Each record must be written out again exactly. Skip any picture it contains.

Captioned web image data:
↓

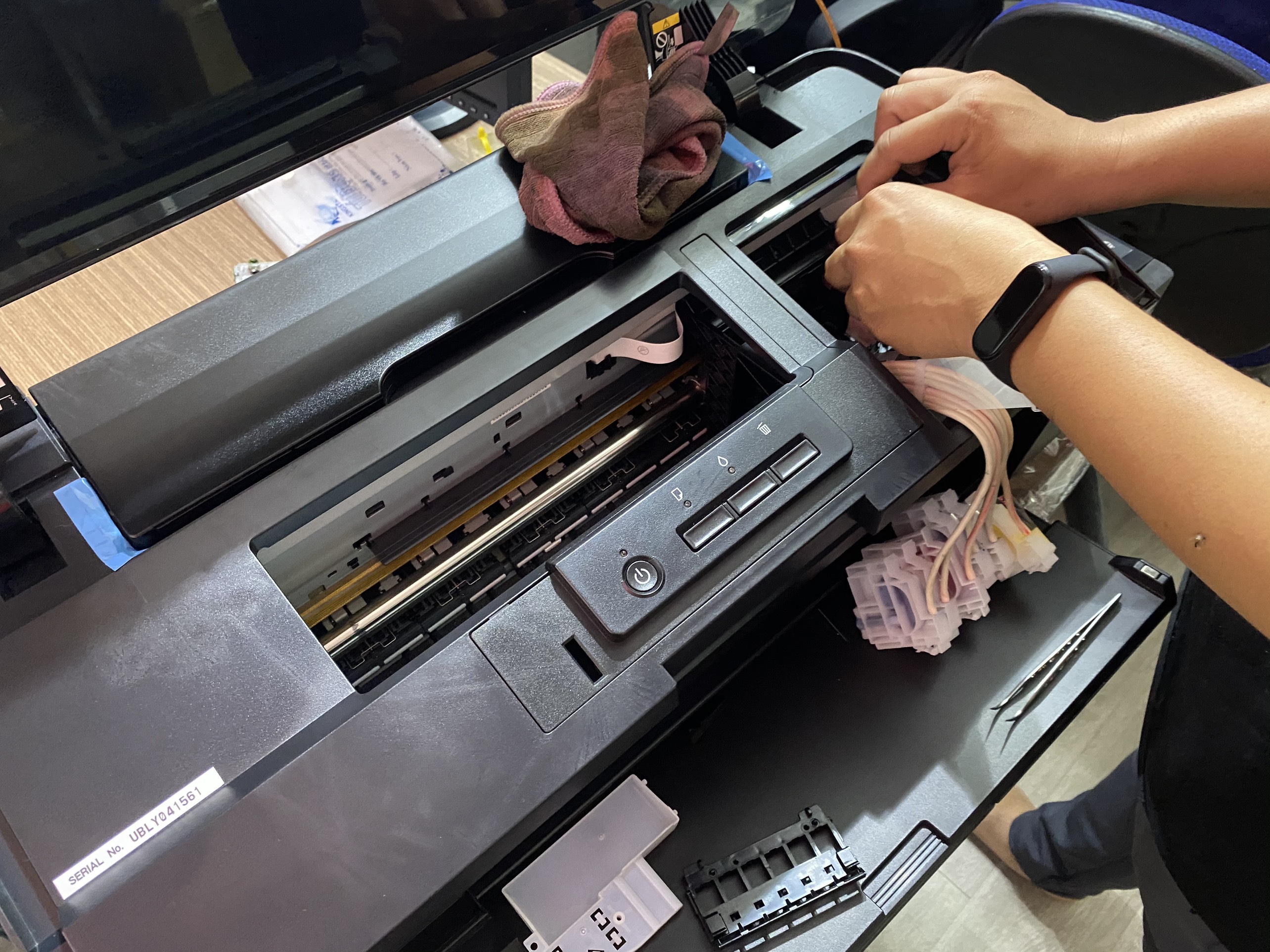 Sửa chữa máy in phun màu Epson L1800 tại Phú Mỹ - Bà Rịa Vũng Tàu sửa chữa máy in phun màu tại Vũng Tàu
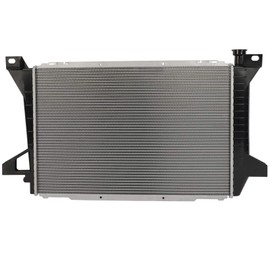 OCPTY Core Radiator Plastic Aluminum Radiator Compatible for 1985-1996 for Ford Bronco 1985-1996 for Ford for F-150 1985-1997 for Ford for F-250 1985-1997 for Ford F-350 1453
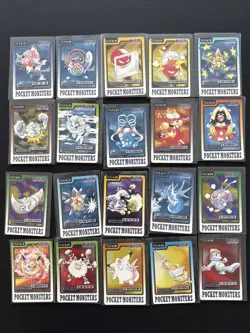 Pokemon 1997 Bandai Carddass Lot 20 Cards Japanese Vintage NM-MP - Image 1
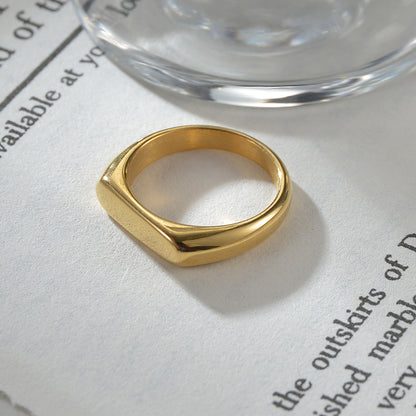 Anello acciaio titanio donna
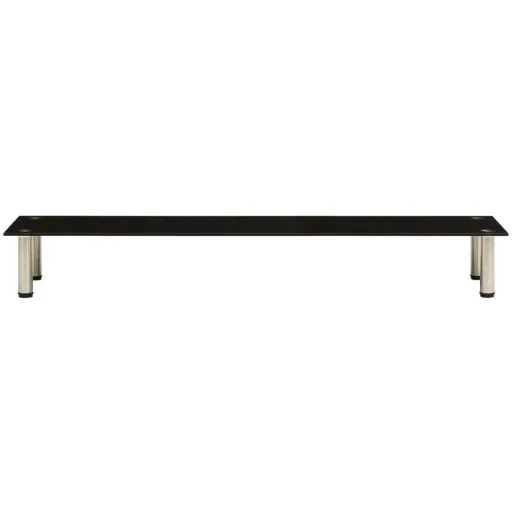 TV-Schrank 140x35x17 cm gehärtetes Glas schwarz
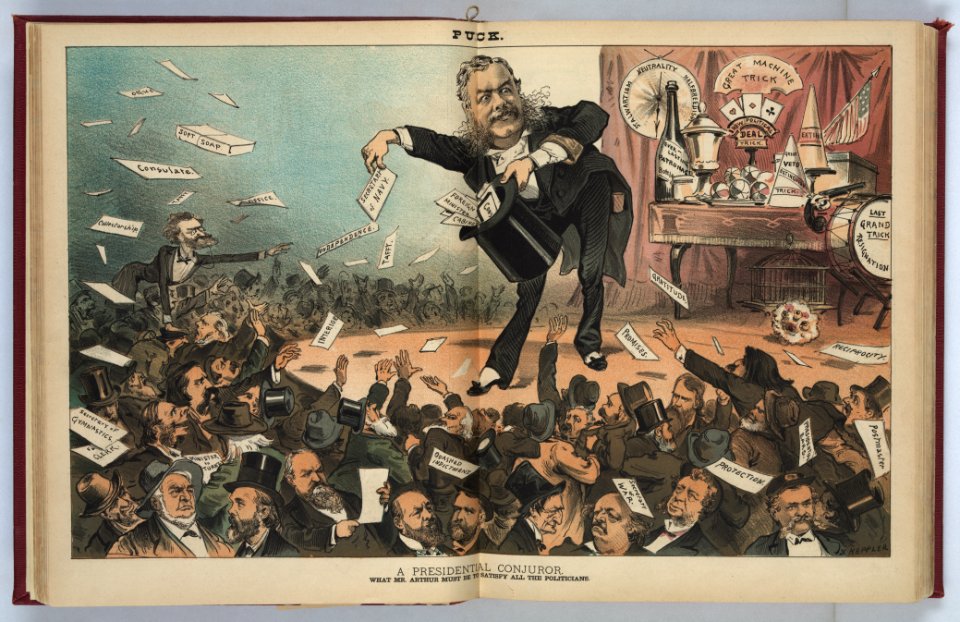 A presidential conjuror - J. Keppler. LCCN2012647292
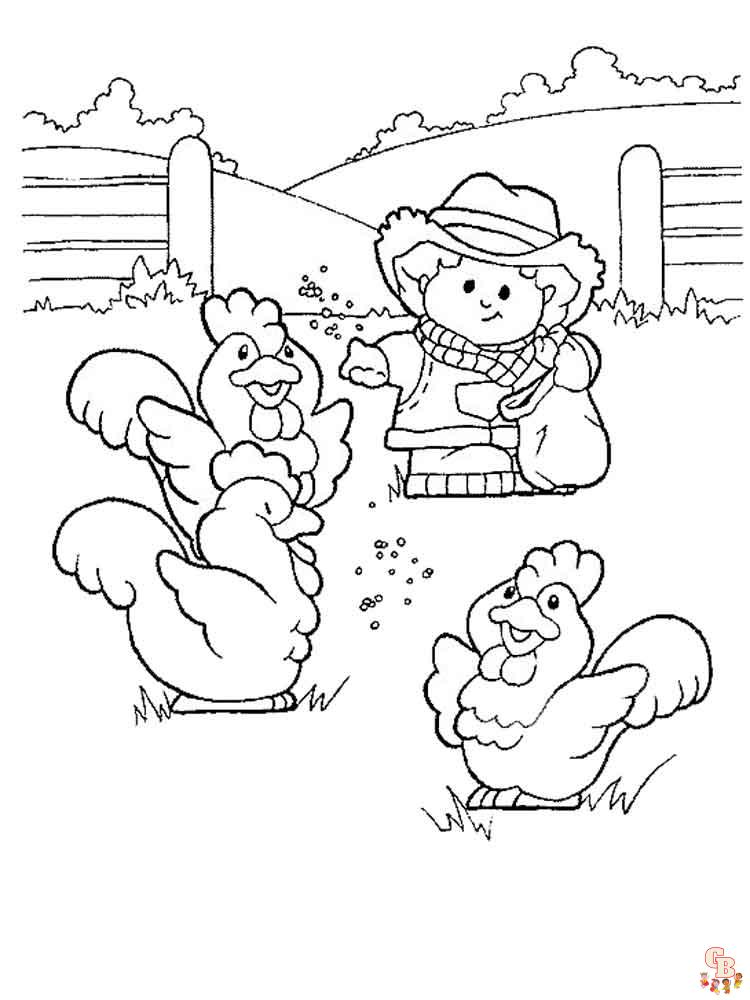 coloriage poulet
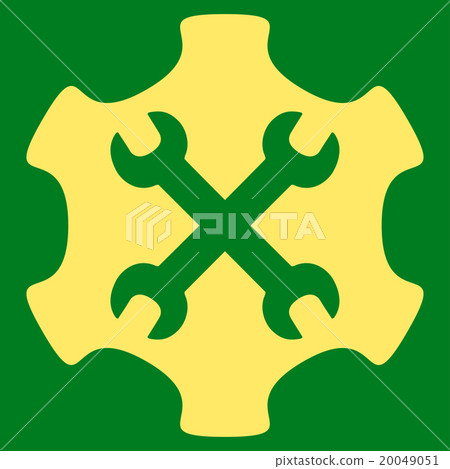 Service Tools Flat Icon Service Tools Flat Icon 20049051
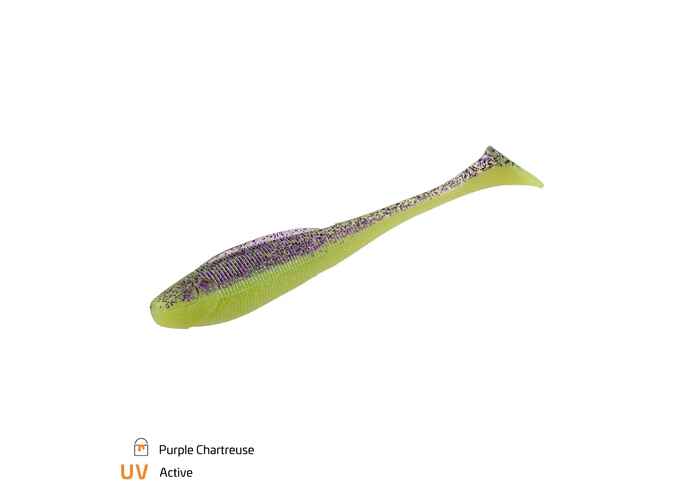 Shad Zeck BA Sexy Swimmer 10cm Purple Chartreuse 7buc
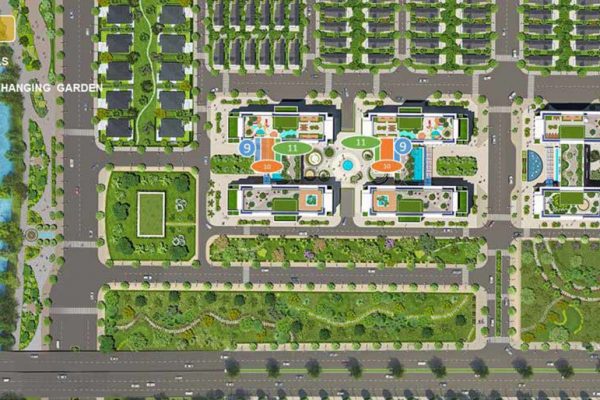 Mặt bằng dự án căn hộ chung cư Dream Home Riverside Quận 8 Đường Nguyễn Văn Linh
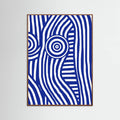 Front Blue and White Striped Nude Poster – poster and art print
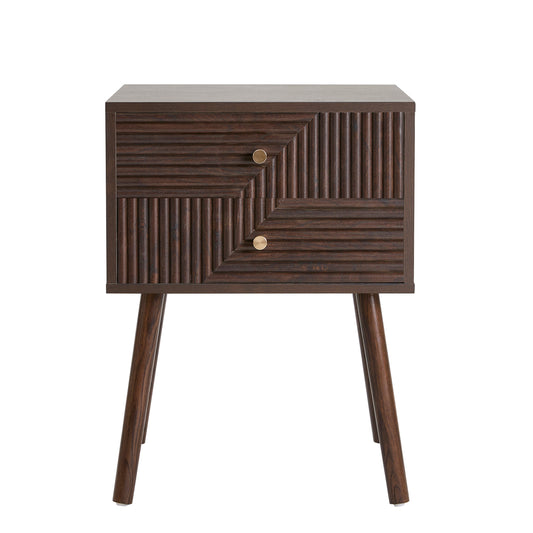 Dora 2 Drawer Nightstand - Walnut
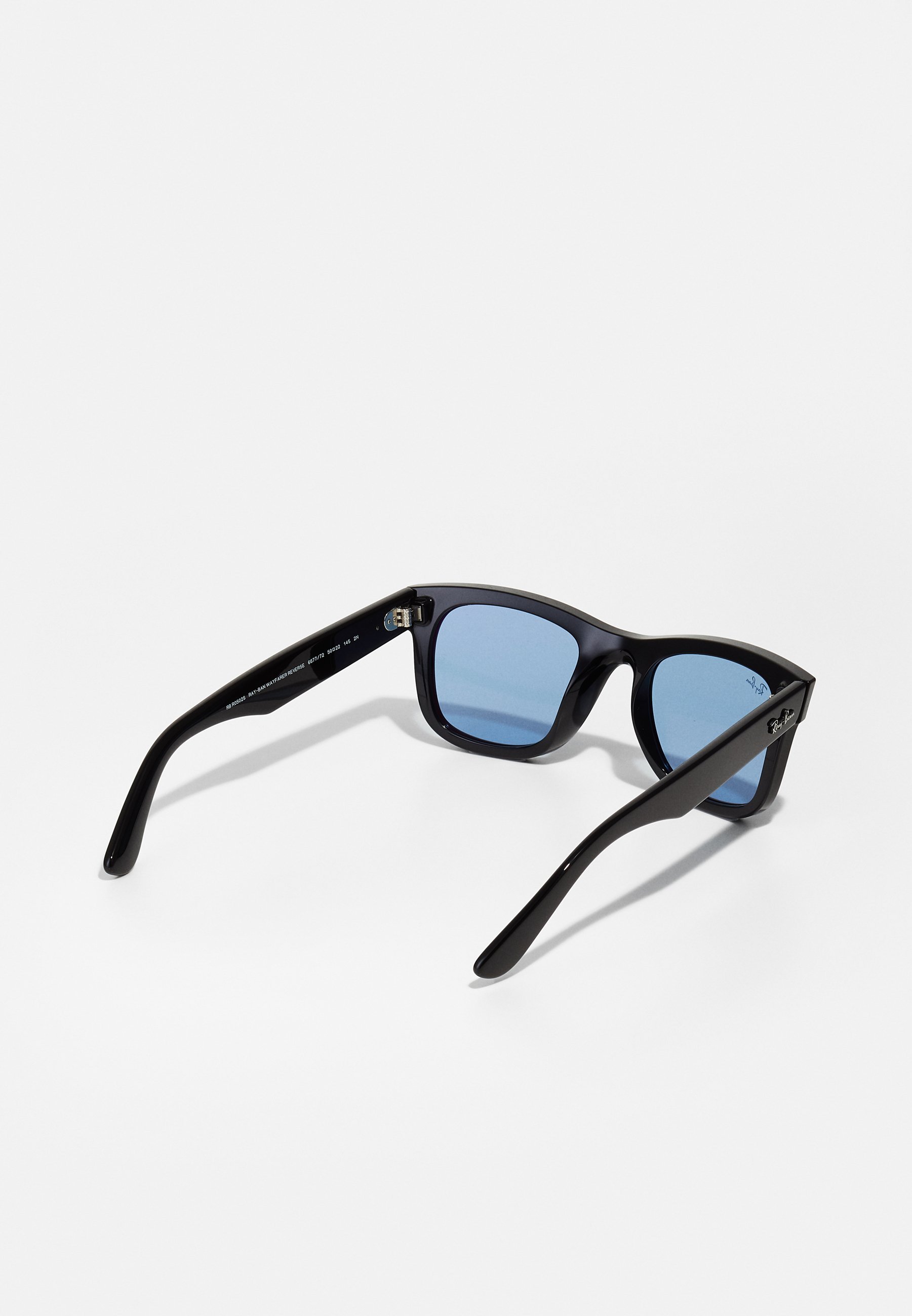 Ray-Ban WAYFARER REVERSE UNISEX - Zonnebril - zwart/lichtblauw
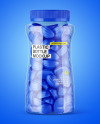 Plastic Bottle with Gummies Mockup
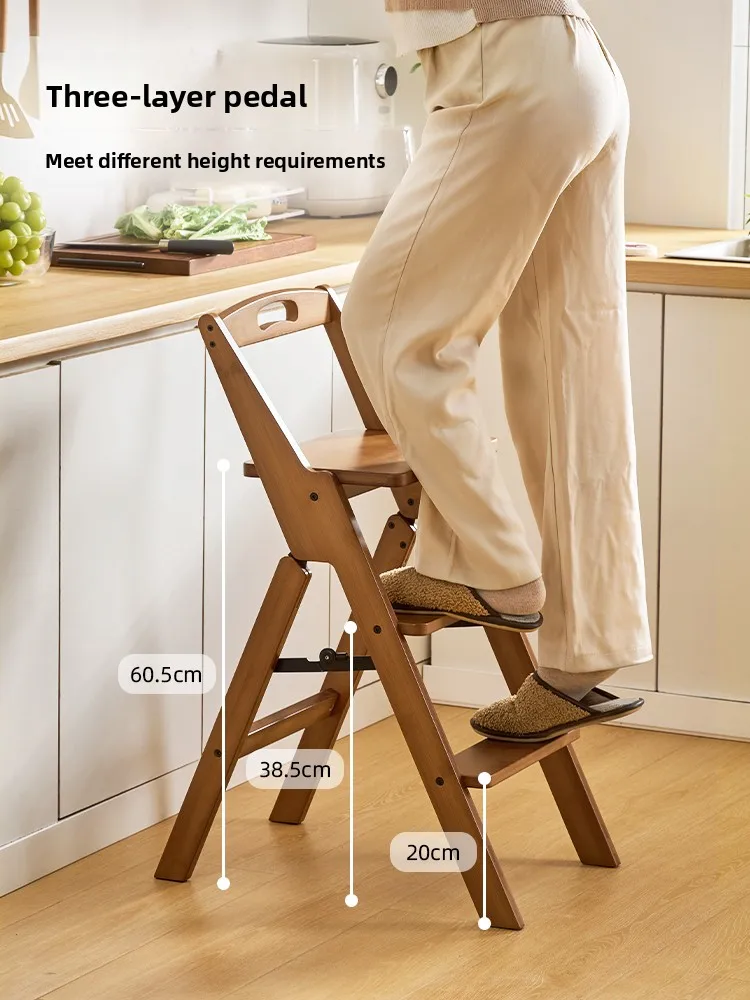 Foldable multifunctional ladder stool household climbing ladder stool dual-purpose kitchen climbing stool with backrest chair
Foldable multifunctional ladder stool household climbing ladder stool dual-purpose kitchen climbing stool with backrest chair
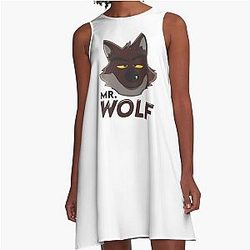 Mr. Wolf the Bad Guys A-Line Dress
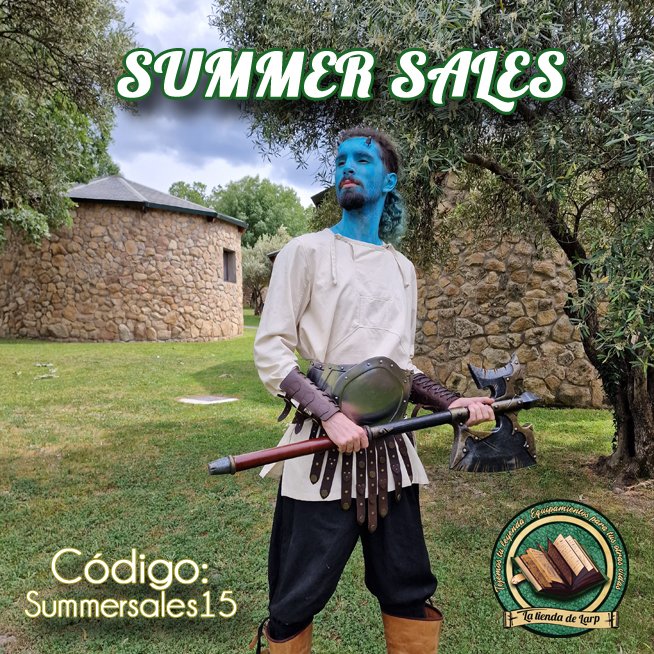 ⚔️🔥¡Rebajas de verano en toda la web y la tienda física!  🔥⚔️

🗡️Utiliza el código: Summersales15 para obtener un 15% de descuento en todos los artículos!

➡️eviltailors.com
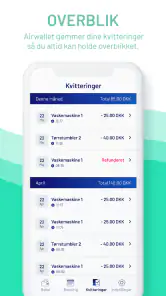 Airwallet screenshot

↑

Finished exercise:
 Sửa chữa máy in phun màu Epson L1800 tại Phú Mỹ - Bà Rịa Vũng Tàu sửa chữa máy in phun màu tại Vũng Tàu
 OCPTY Core Radiator Plastic Aluminum Radiator Compatible for 1985-1996 for Ford Bronco 1985-1996 for Ford for F-150 1985-1997 for Ford for F-250 1985-1997 for Ford F-350 1453
 Pokemon 1997 Bandai Carddass Lot 20 Cards Japanese Vintage NM-MP - Image 1
 Anello acciaio titanio donna
 TV-Schrank 140x35x17 cm gehärtetes Glas schwarz
 A presidential conjuror - J. Keppler. LCCN2012647292
 coloriage poulet
 Service Tools Flat Icon Service Tools Flat Icon 20049051
 Shad Zeck BA Sexy Swimmer 10cm Purple Chartreuse 7buc
 Mặt bằng dự án căn hộ chung cư Dream Home Riverside Quận 8 Đường Nguyễn Văn Linh
 Front Blue and White Striped Nude Poster – poster and art print
 Dora 2 Drawer Nightstand - Walnut
 Ray-Ban WAYFARER REVERSE UNISEX - Zonnebril - zwart/lichtblauw
 Plastic Bottle with Gummies Mockup
 Foldable multifunctional ladder stool household climbing ladder stool dual-purpose kitchen climbing stool with backrest chair
Foldable multifunctional ladder stool household climbing ladder stool dual-purpose kitchen climbing stool with backrest chair
 Mr. Wolf the Bad Guys A-Line Dress
 ⚔️🔥¡Rebajas de verano en toda la web y la tienda física!  🔥⚔️

🗡️Utiliza el código: Summersales15 para obtener un 15% de descuento en todos los artículos!

➡️eviltailors.com
 Airwallet screenshot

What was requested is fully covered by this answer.